Malgré le scandale et les condamnations, Mme Gerrard ne subit aucune conséquence légale pour ses actions. L’ordre d’expulsion n’est jamais annulé. Elle continue à gérer ses vastes propriétés jusqu’à sa mort en 1865, à l’âge de 88 ans. Elle meurt intestat, laissant une fortune personnelle estimée à 300 000 livres sterling, une somme colossale pour l’époque.
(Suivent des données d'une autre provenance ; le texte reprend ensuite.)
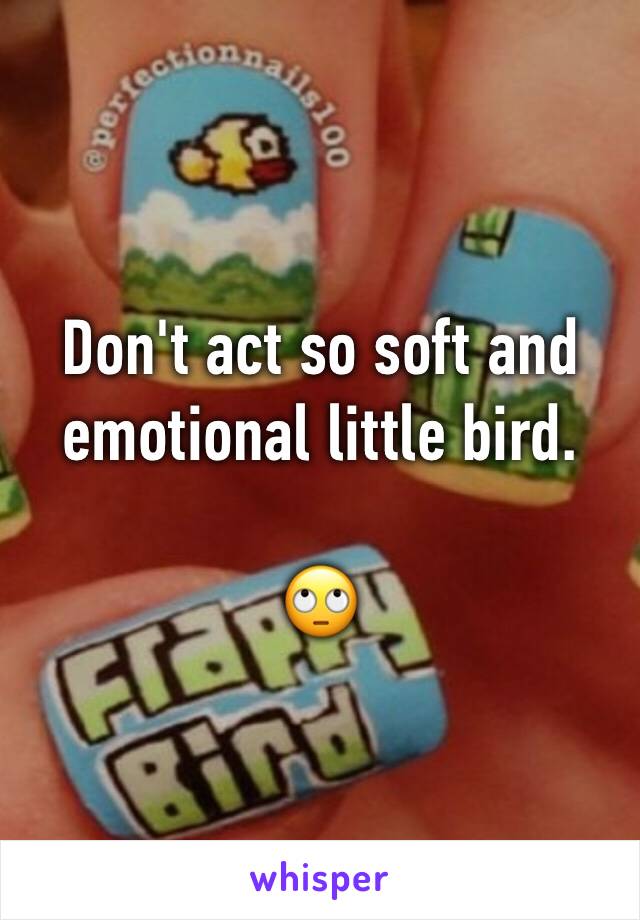 Don't act so soft and emotional little bird. 

🙄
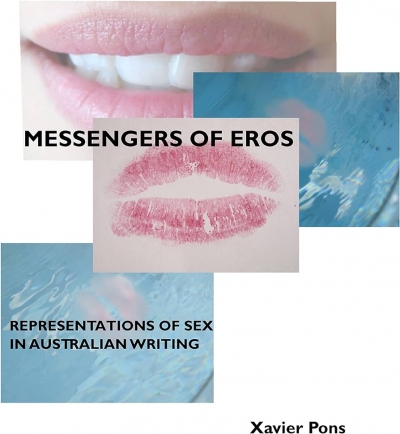 Malcolm Knox reviews ‘Messengers of Eros: Representations of sex in Australian writing’ by Xavier Pons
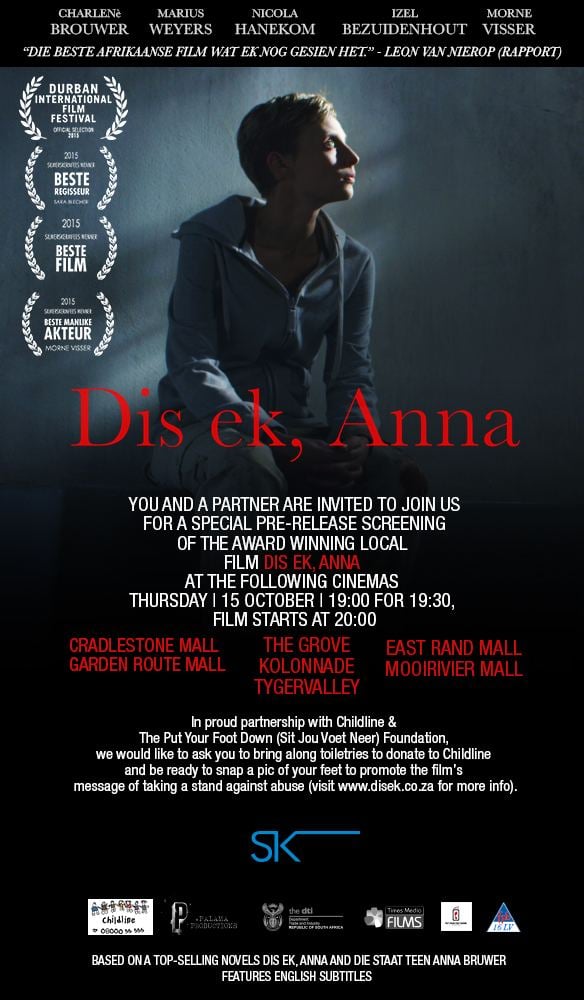 Dis ek, Anna PUT YOUR FOOT DOWN AGAINST ABUSE AT SPECIAL PRESCREENING OF DIS EK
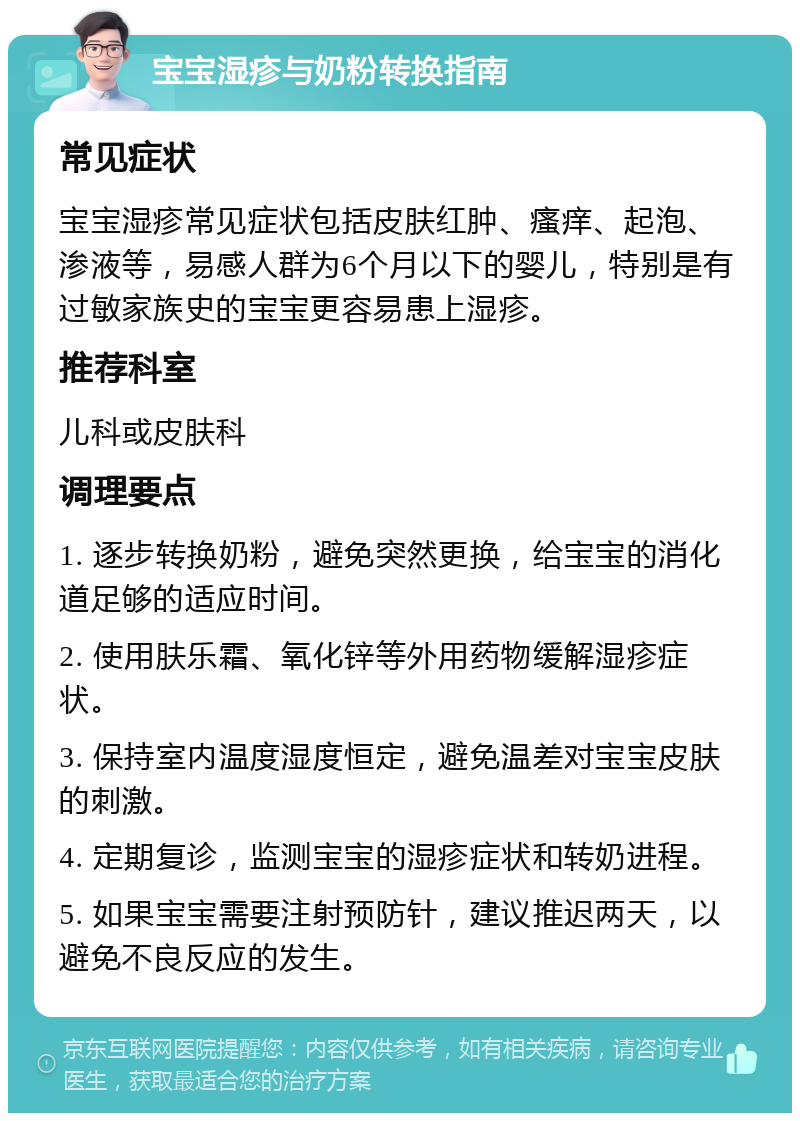 宝宝湿疹与奶粉转换指南 常见症状 宝宝湿疹常见症状包括皮肤红肿、瘙痒、起泡、渗液等，易感人群为6个月以下的婴儿，特别是有过敏家族史的宝宝更容易患上湿疹。 推荐科室 儿科或皮肤科 调理要点 1. 逐步转换奶粉，避免突然更换，给宝宝的消化道足够的适应时间。 2. 使用肤乐霜、氧化锌等外用药物缓解湿疹症状。 3. 保持室内温度湿度恒定，避免温差对宝宝皮肤的刺激。 4. 定期复诊，监测宝宝的湿疹症状和转奶进程。 5. 如果宝宝需要注射预防针，建议推迟两天，以避免不良反应的发生。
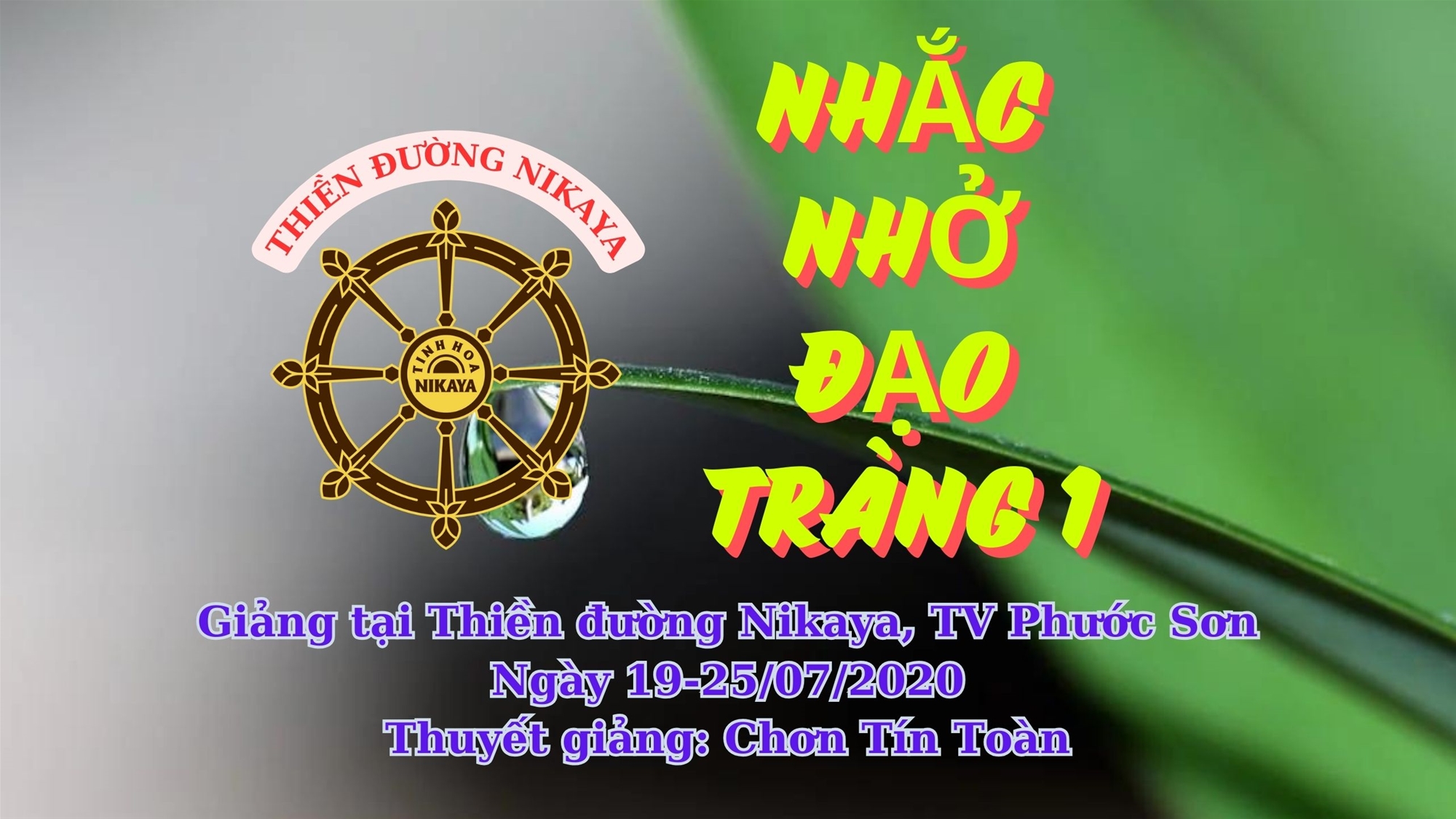 213_ NHẮC NHỞ ĐẠO TRÀNG 1_ CHƠN TÍN TOÀN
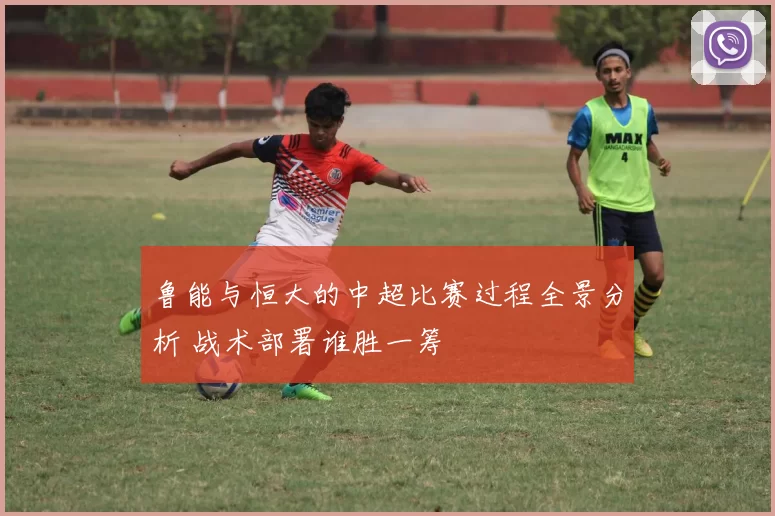 鲁能与恒大的中超比赛过程全景分析 战术部署谁胜一筹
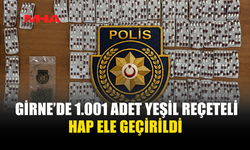 GİRNE’DE NARKOTİK OPERASYONU: 1.001 HAP ELE GEÇİRİLDİ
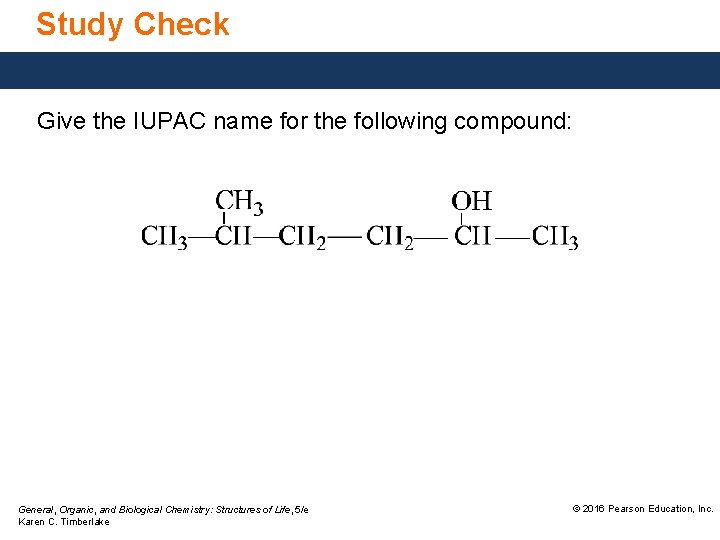 Study Check Give the IUPAC name for the following compound: General, Organic, and Biological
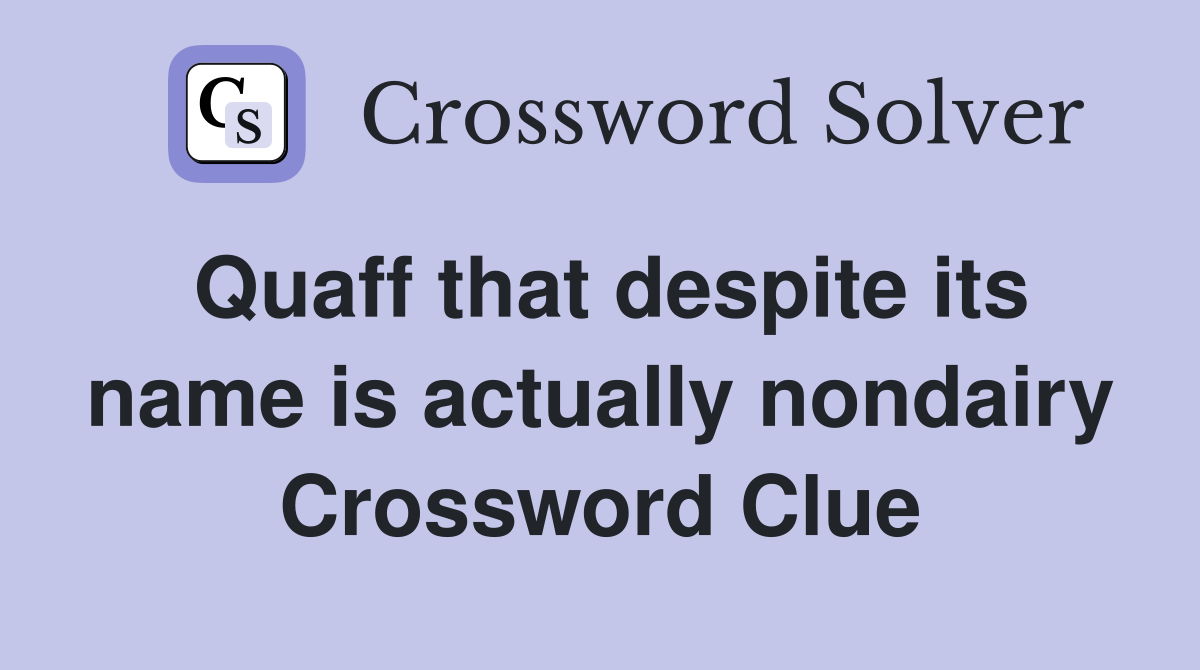 Quaff that despite its name is actually nondairy Crossword Clue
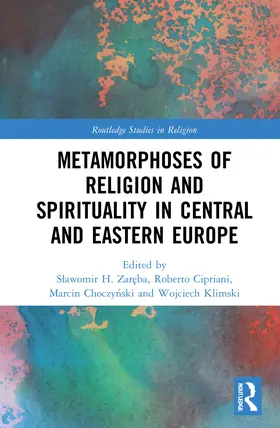 Zar¿ba / Zareba / Sroczy¿ska |  Metamorphoses of Religion and Spirituality in Central and Eastern Europe | Buch |  Sack Fachmedien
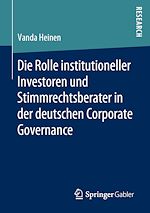 Download this eBook Die Rolle institutioneller Investoren und Stimmrechtsberater in der deutschen Corporate Governance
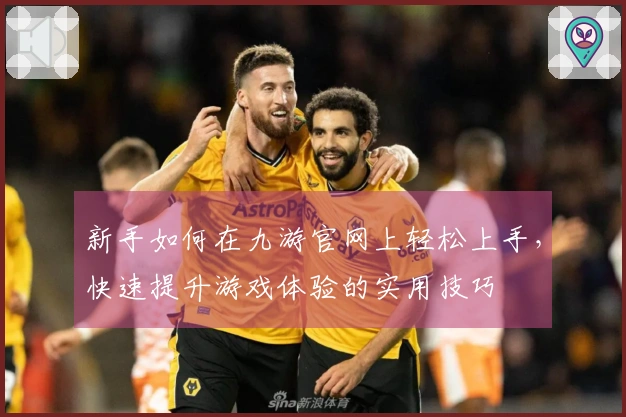 新手如何在九游官网上轻松上手，快速提升游戏体验的实用技巧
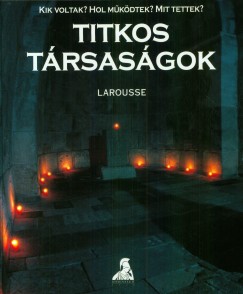 Aderhold Carl  (Szerk.) - Reviczky Bla  (Szerk.) - Schott Nora  (Szerk.) - Thomazo Renaud  (Szerk.) - Titkos trsasgok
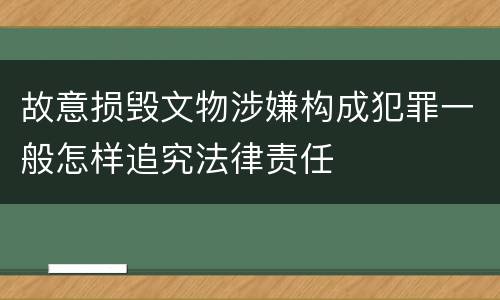 故意损毁文物涉嫌构成犯罪一般怎样追究法律责任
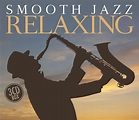 bol.com | Smooth Jazz Relaxing, various artists | CD (album) | Muziek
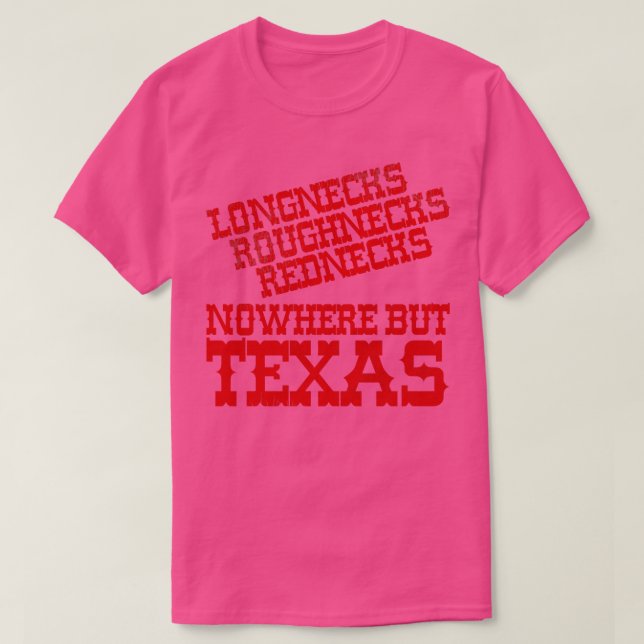 Nowhere But Texas T-Shirt (Design Front)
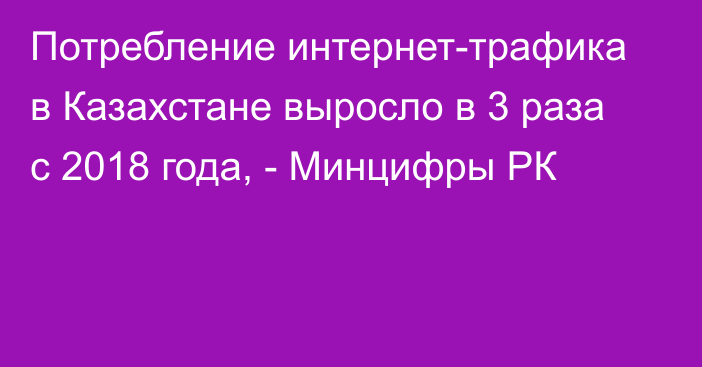 Потребление интернет-трафика в Казахстане выросло в 3 раза с 2018 года, - Минцифры РК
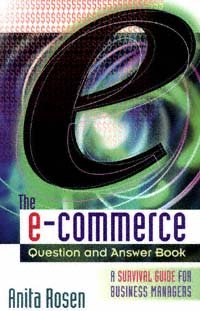 The E-commerce question and answer book [electronic resource] : a survival guide for business managers / Anita Rosen.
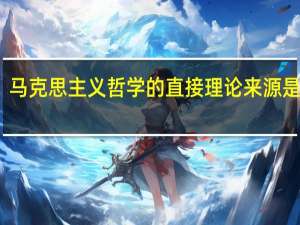 马克思主义哲学的直接理论来源是什么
Son domaine du comté de Galway passe finalement aux descendants des trois sœurs d’Edmond Netterville. L’héritage de cette tragédie perdure cependant : en 2011, un monument commémoratif impressionnant en forme de chaumière effondrée est érigé à Ballinglass, sur lequel sont gravés les noms des personnes expulsées. Des descendants des expulsés, dispersés à travers le monde jusqu’en Australie-Méridionale, sont retrouvés et certains assistent à la cérémonie d’inauguration. L’incident de Ballinglass reste dans l’histoire comme l’un des symboles les plus poignants de l’injustice et de la cruauté qui ont caractérisé la période de la Grande Famine irlandaise.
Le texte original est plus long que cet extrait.